レディースファッションでは「甘辛Mix」というコーディネートテクニックがあります。
これは甘め(=可愛らしい)の服と、辛め(=格好良い)の服を組み合わせることで、オシャレさを出すこと。
左:鮮やかな色味のワンピースを、男らしいライダースと合わせた着こなし(Photo by WEAR)
右:ガーリーなワンピースを、ミリタリーアウターで引き締める(Photo by WEAR)
同じように、メンズファッションで大切なのはドレスとカジュアルのバランスです。
ドレスに寄せすぎるとキメキメのホストのようなスタイルになってしまうし、カジュアルに寄せすぎると作業着や子供っぽい雰囲気になってしまいます。
ドレスとカジュアル、極端にどちらかに寄りすぎることなく、双方を上手くミックスさせる。

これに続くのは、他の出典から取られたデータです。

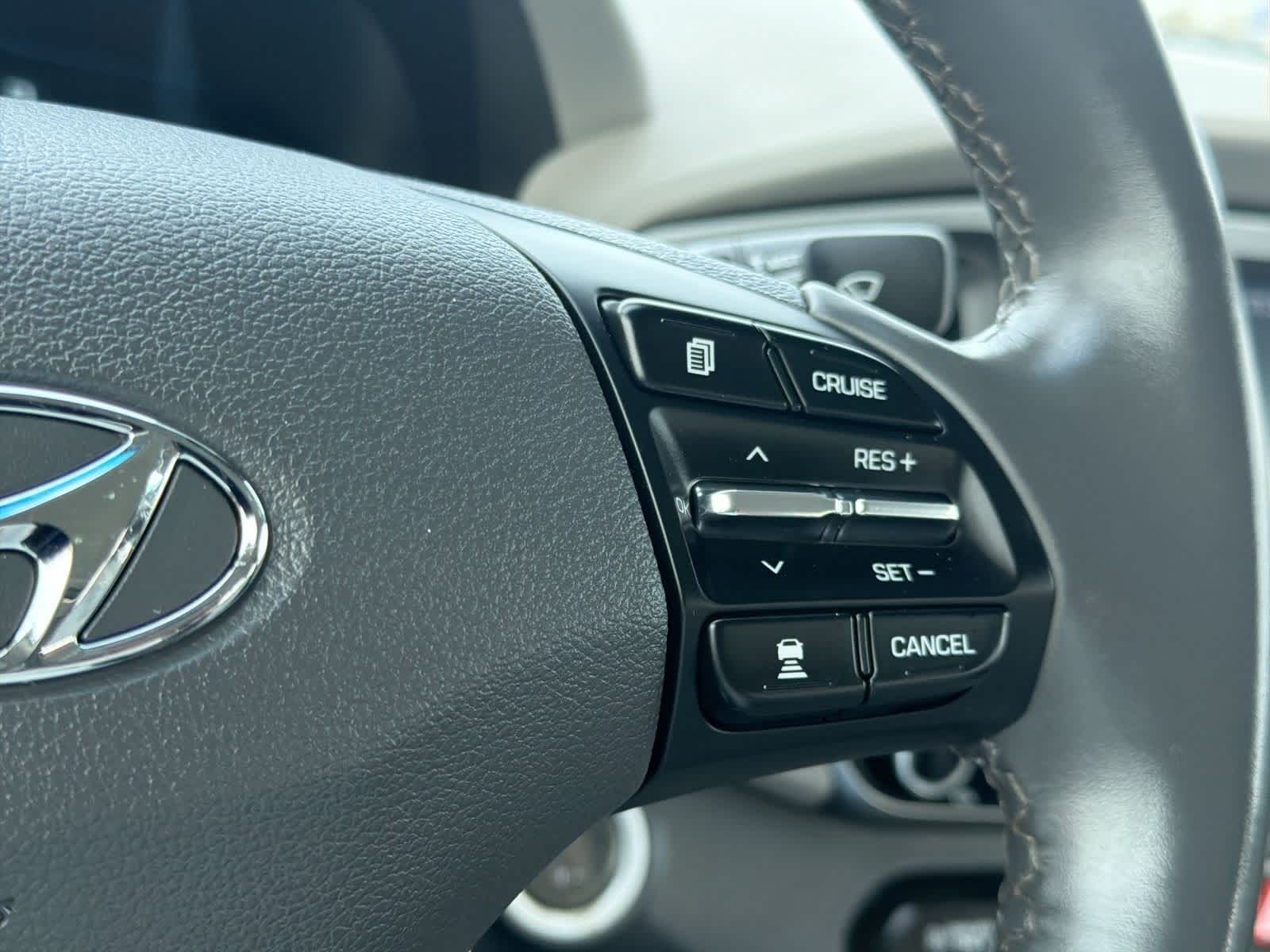 Thumbnail: 2017 Hyundai Ioniq - 25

コーディネート全体でドレスとカジュアルの比率を調整することを意識すれば、こなれた印象になります。
ドレ/カジ比率を用いた着こなし例①
こちらのコーディネート、上半身は古着のオーバーサイズのモッズコートでカジュアル感たっぷり。
これにボトムスが色落ちやダメージの入ったデニムを選んでしまうと、カジュアルさが強すぎてややもすれば汚らしく見えてしまいます。
今回はボトムスを細身で黒いパンツを選ぶ、丈をくるぶしくらいのやや短いものにして、下半身はカジュアルになりすぎないようにしています。
さらに汚れの無いきれいなスニーカーを合わせることで、上半身のカジュアルさを上手く中和しました。
図にするとドレスとカジュアルの全体比率はこんな感じ。
ドレ/カジ比率を用いた着こなし例②
次はこちらのコーディネート。
白シャツを上まで留め、スラックスにビットローファーを合わせたキレイ目なコーディネート。
しかしここにテーラードジャケットを合わせてしまうとカッチリしすぎてしまい、カジュアル着としてはやや面白みに欠けます。
今回はアウターにミリタリーテイストのブルゾンをチョイスし、さらにそれを肩掛けすることでカジュアルさをプラス。
少しカジュアルさを出すだけで、一気にこなれた印象になります。
このようにドレスとカジュアルの比率を考えることで、コーディネートの幅が広がります。コーディネートの『ドレ/カジ比率』、一度意識してみてください!
ちなみにドレス中心のコーディネートにカジュアル要素を取り入れることを「ドレスダウン(着崩す)」「抜け感を作る」。逆にカジュアル中心の着こなしにドレス要素を取り入れることを「ドレスアップ」「引き締める」と表現することが多いです。